Short web captions
= = =
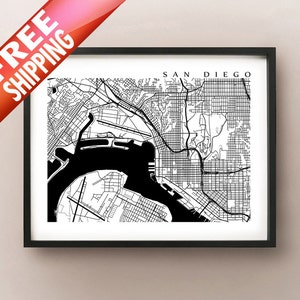 San Diego Map Art - Black and White California Print
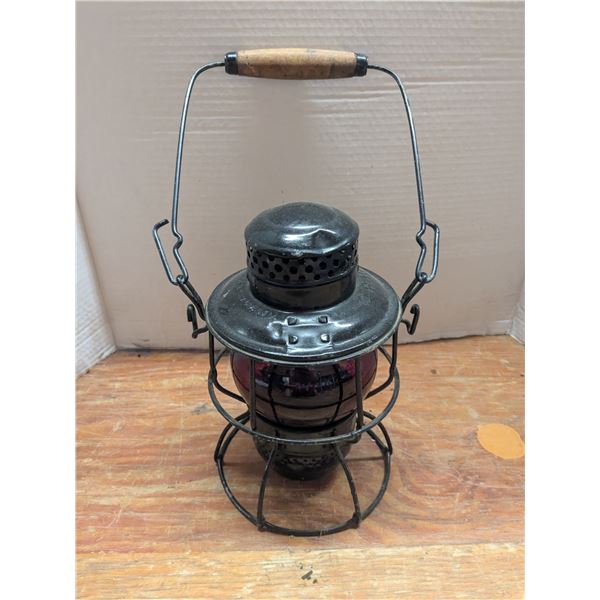 Vintage CPR Painted Black Hiram L Piper Railway Lantern with Red Globe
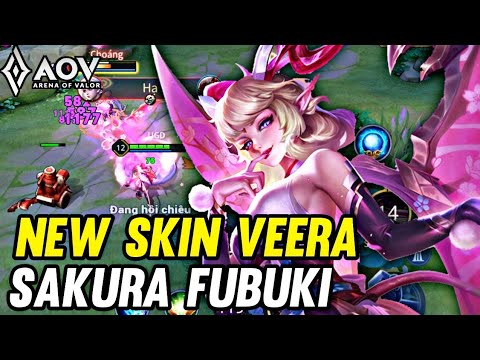 AoV : NEW SKIN VEERA SAKURA FUBUKI GAMEPLAY - ARENA OF VALOR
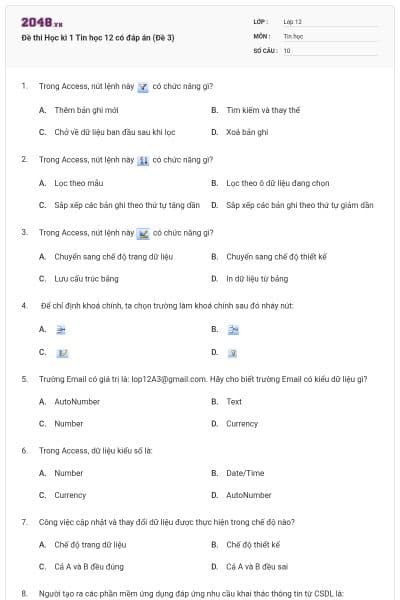 Đề thi Học kì 1 Tin học 12 có đáp án (Đề 3)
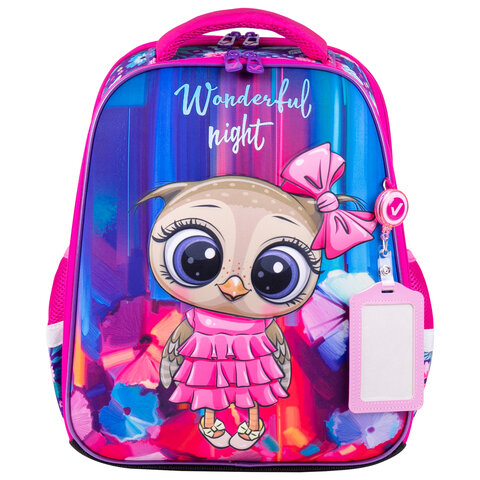 Ранец BRAUBERG FIT, 2 отделения, «Wonderful night», 3D-панель, 38×27х14 см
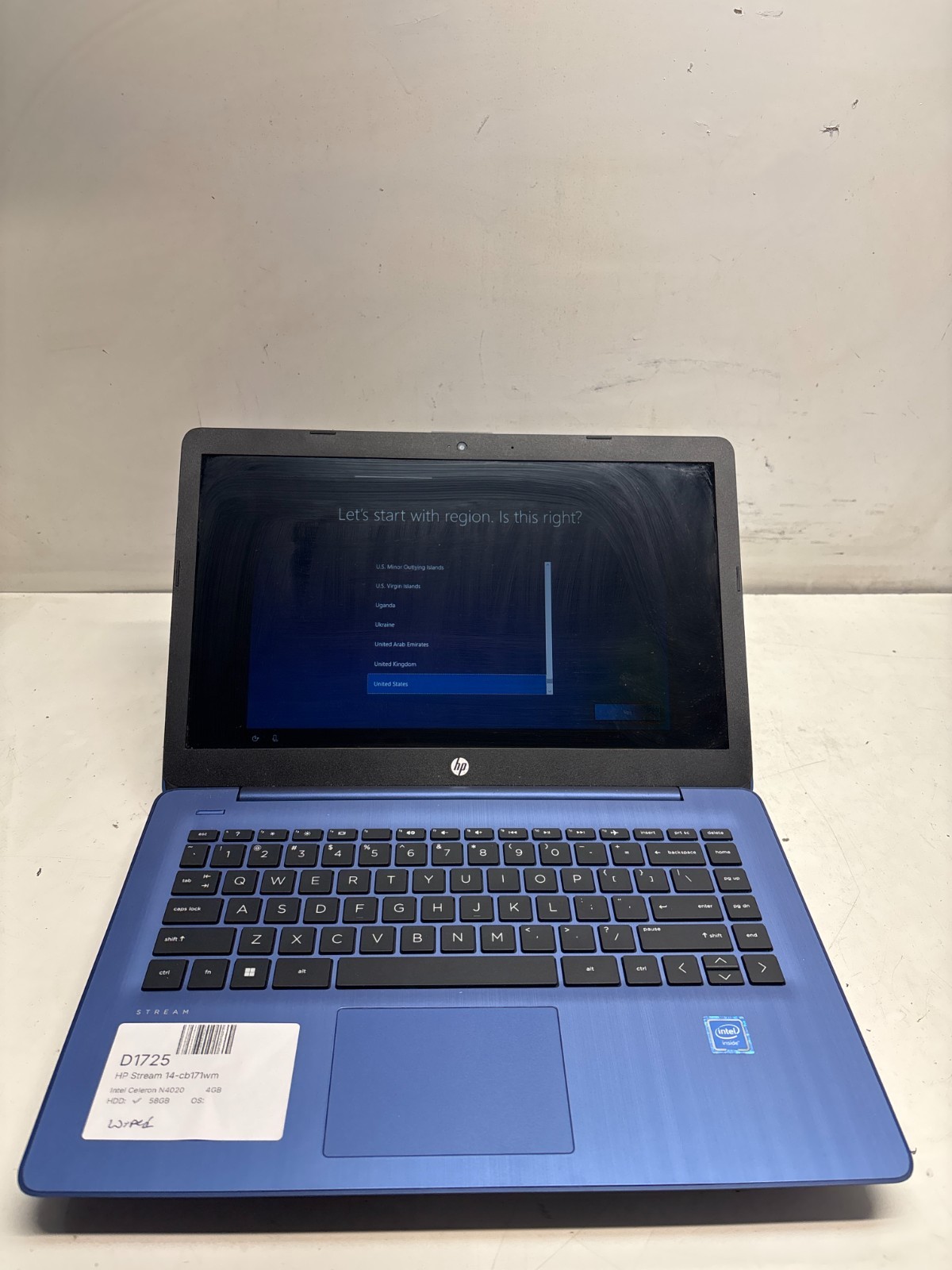 HP Stream 14-cb171wm Intel Celeron N4020 1.10GHz 4GB 64GB Windows 10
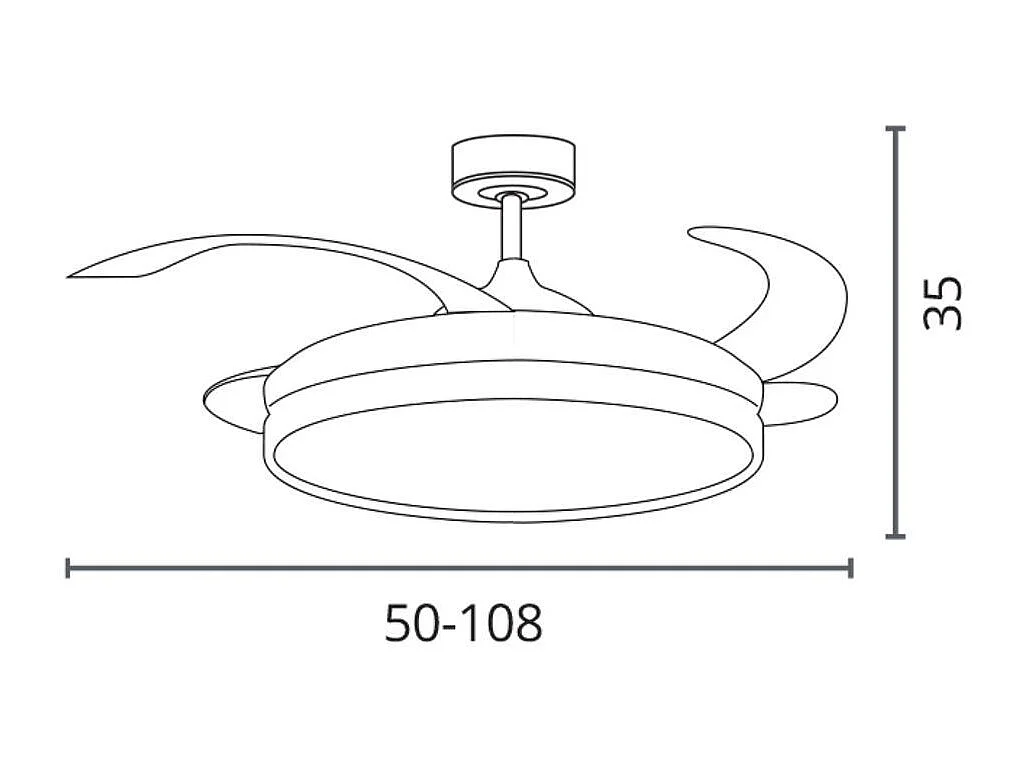 Ventilador de techo Akran Bel Air 72W 4 aspas retráctiles con luz LED plata Ø108 cm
= = =
An exact copy of every entry above is needed, with the pictures left out.

(REPLY):
 San Diego Map Art - Black and White California Print
 Vintage CPR Painted Black Hiram L Piper Railway Lantern with Red Globe
 AoV : NEW SKIN VEERA SAKURA FUBUKI GAMEPLAY - ARENA OF VALOR
 Đề thi Học kì 1 Tin học 12 có đáp án (Đề 3)
 Ранец BRAUBERG FIT, 2 отделения, «Wonderful night», 3D-панель, 38×27х14 см
 HP Stream 14-cb171wm Intel Celeron N4020 1.10GHz 4GB 64GB Windows 10
 Ventilador de techo Akran Bel Air 72W 4 aspas retráctiles con luz LED plata Ø108 cm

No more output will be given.